SOURCE DATA Start Marker

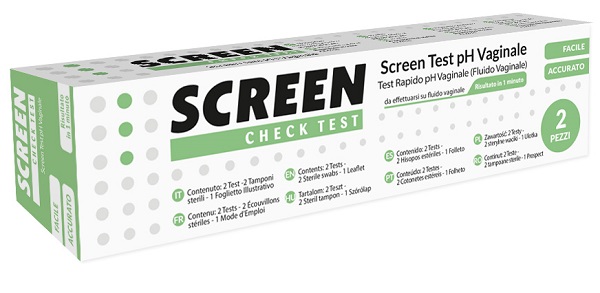 TEST RAPIDO CHE MISURA IL LIVELLO DEL PH VAGINALE 2 PEZZI SCREEN CHECK TEST PH VAGINALE - farmachicca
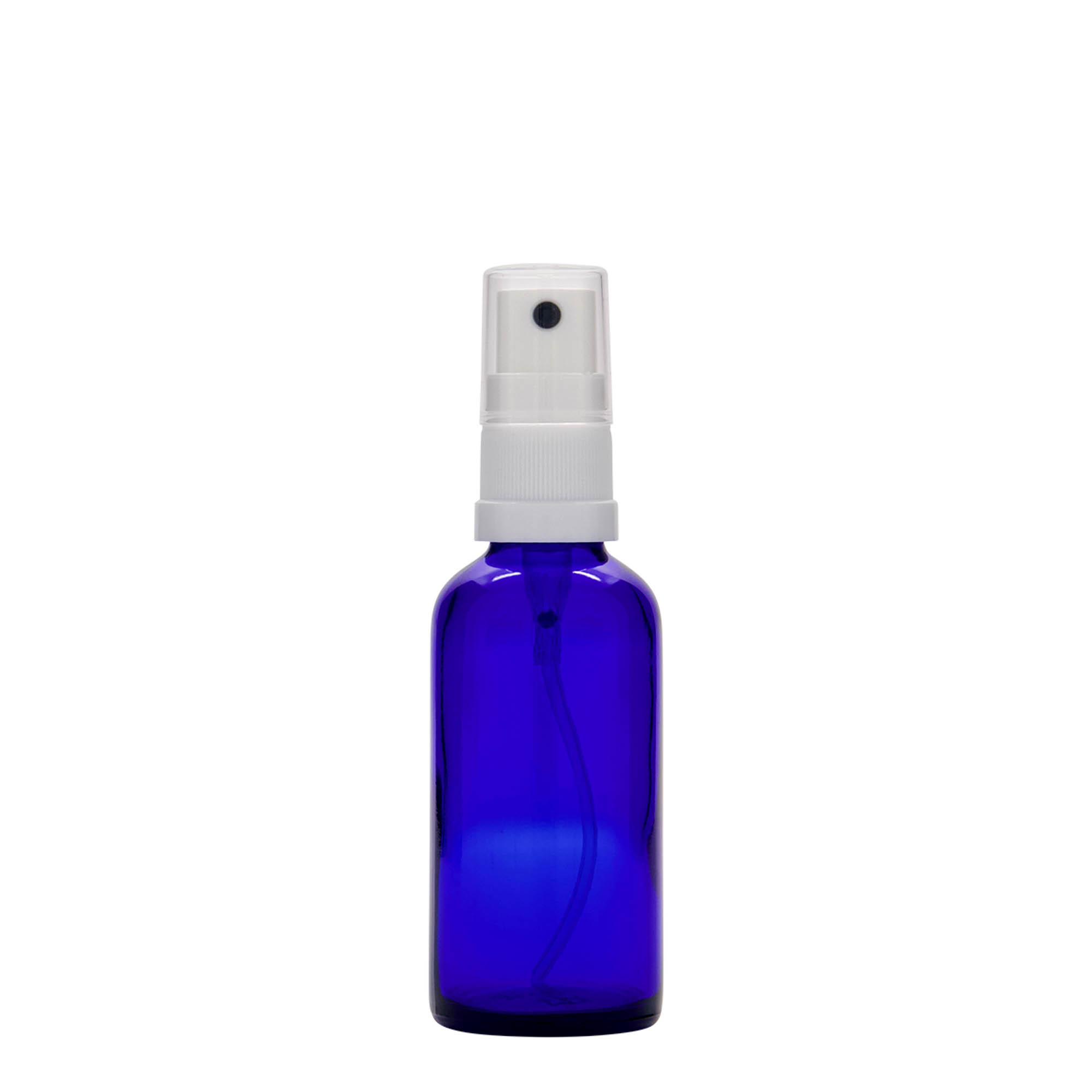 50 ml flacone spray medicina, vetro, blu reale, bocca: DIN 18 50 ml flacone spray medicina, vetro, blu reale, bocca: DIN 18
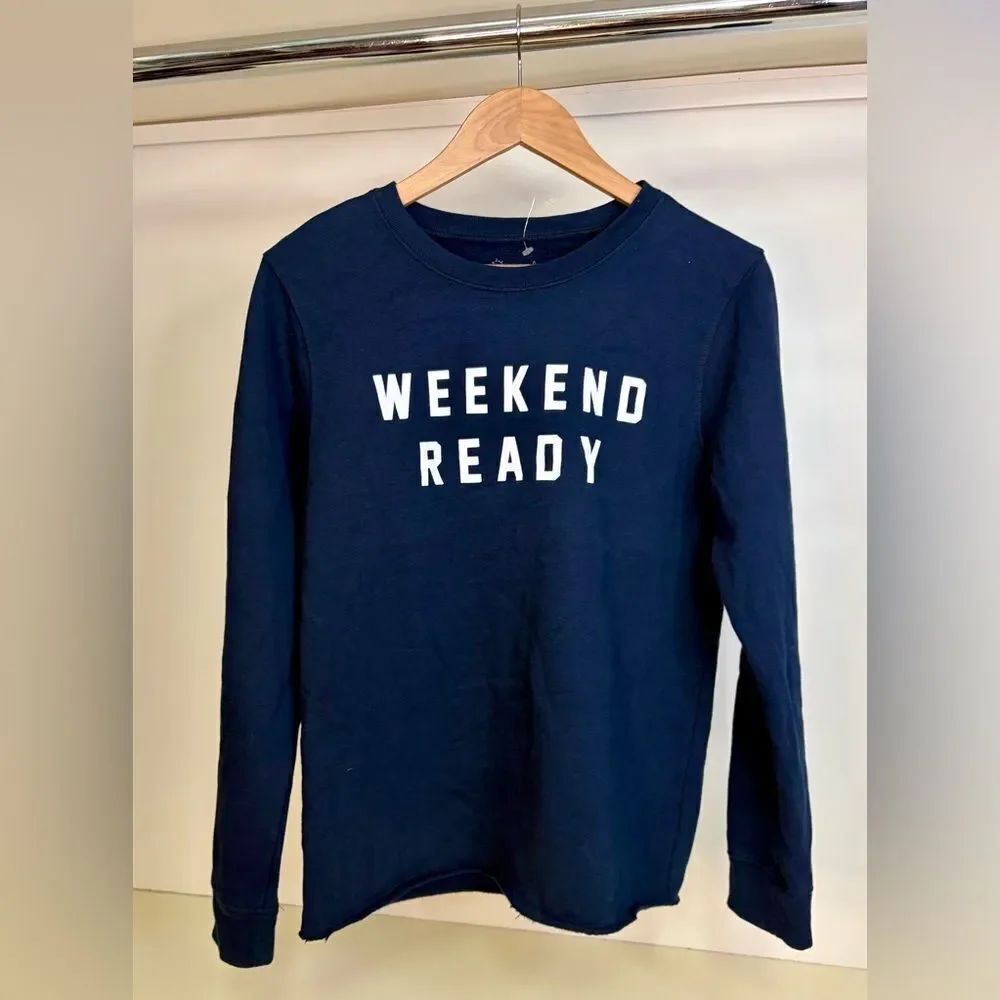 NWOT - Navy 'Weekend Ready' sweatshirt - size Large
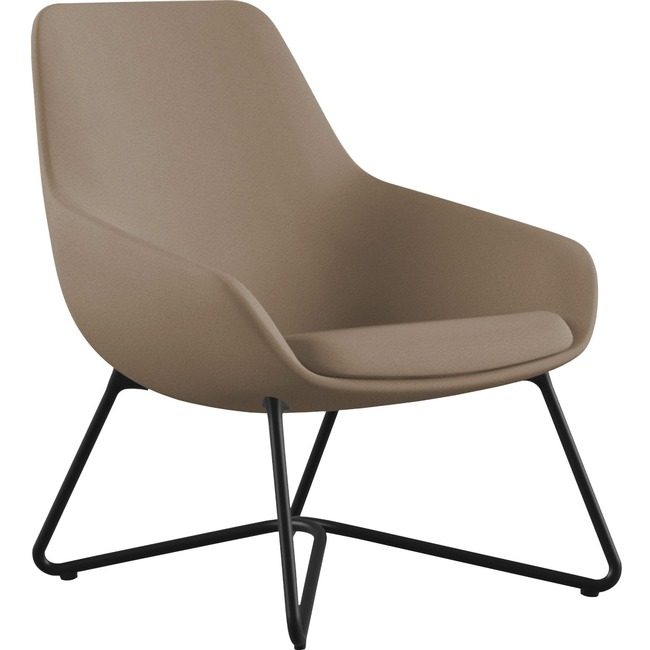 9to5 Seating Chair Lng W/Arm Fbrc La/Bk NTF9111LGBFLA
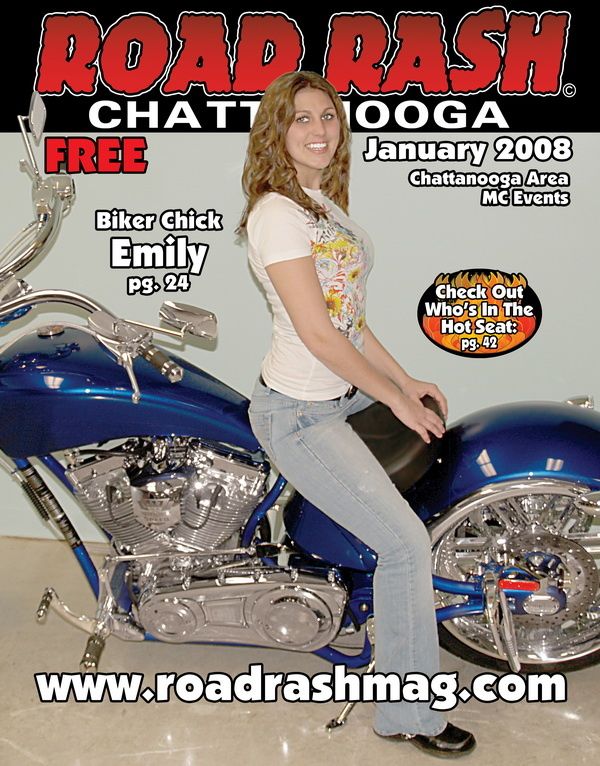 road rash magazine issue january 2008 Biker Chick Emily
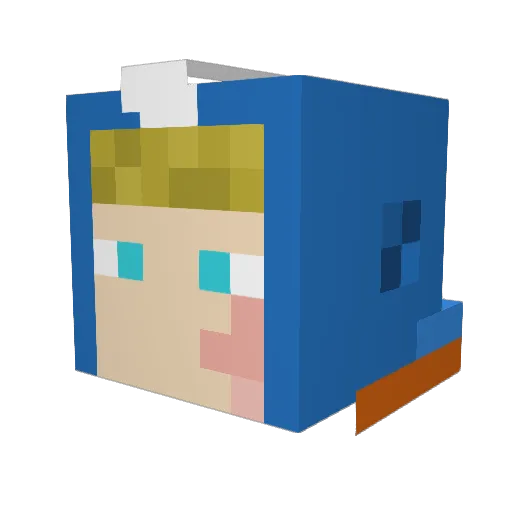 Tarlynn Minecraft avatar head, 3D render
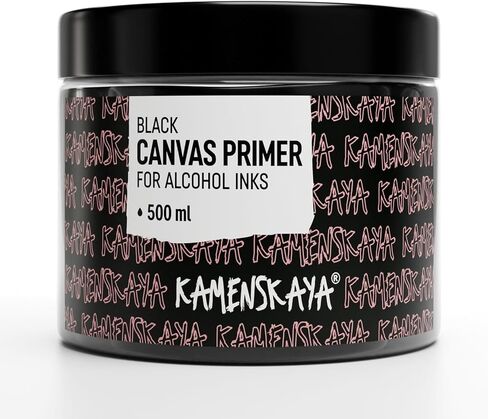 Kamenskaya White Acrylic Gesso Primer for Alcohol Ink Painting on Canvases,16.9 fl oz (500 ml) in Kuwait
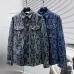 1Dior shirts for Dior Long-Sleeved Shirts for men Black/Blue #A53761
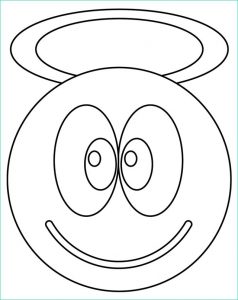 Dessin A Imprimer Smiley Beau Collection Smiley Ange Dory Coloriages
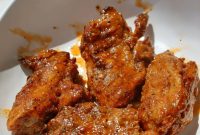 Crispy Lemon Pepper Vegetarian Wings with Oyster Mushrooms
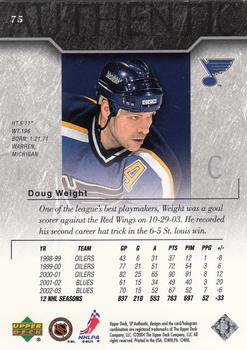 2003-04 SP Authentic #75 Doug Weight Back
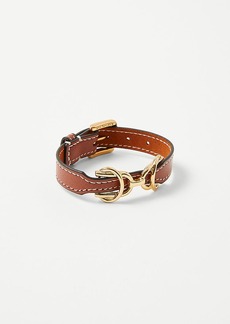 Ann Taylor Horsebit Leather Bracelet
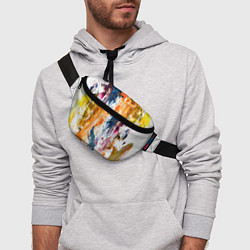 Поясная сумка Разноцветные мазки кисти на палитре художника, цвет: 3D-принт — фото 2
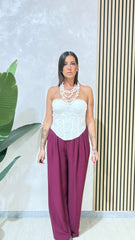 Pantalone Borgogna
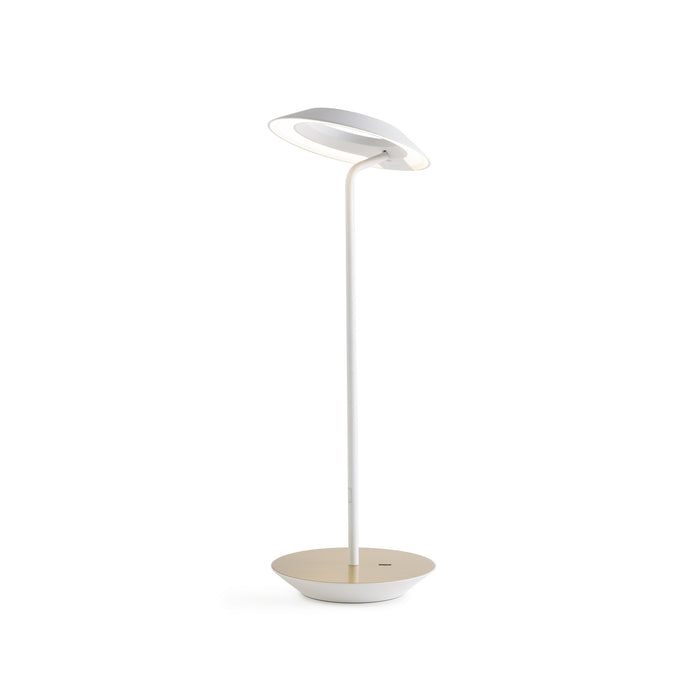 Koncept RYO-SW-MWT-BRS-DSK LED Desk Lamp, Matte White, Brass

SOURCE DATA End Marker

INSTRUCTIONS FOR THE TASK: Leaving out each picture, repeat exactly the lines above from the one that contains "9to5 Seating Chair" through the one that contains "Tarlynn Minecraft avatar head, 3D render".

SOLUTION FOR THIS TASK:
 9to5 Seating Chair Lng W/Arm Fbrc La/Bk NTF9111LGBFLA
 road rash magazine issue january 2008 Biker Chick Emily
 Tarlynn Minecraft avatar head, 3D render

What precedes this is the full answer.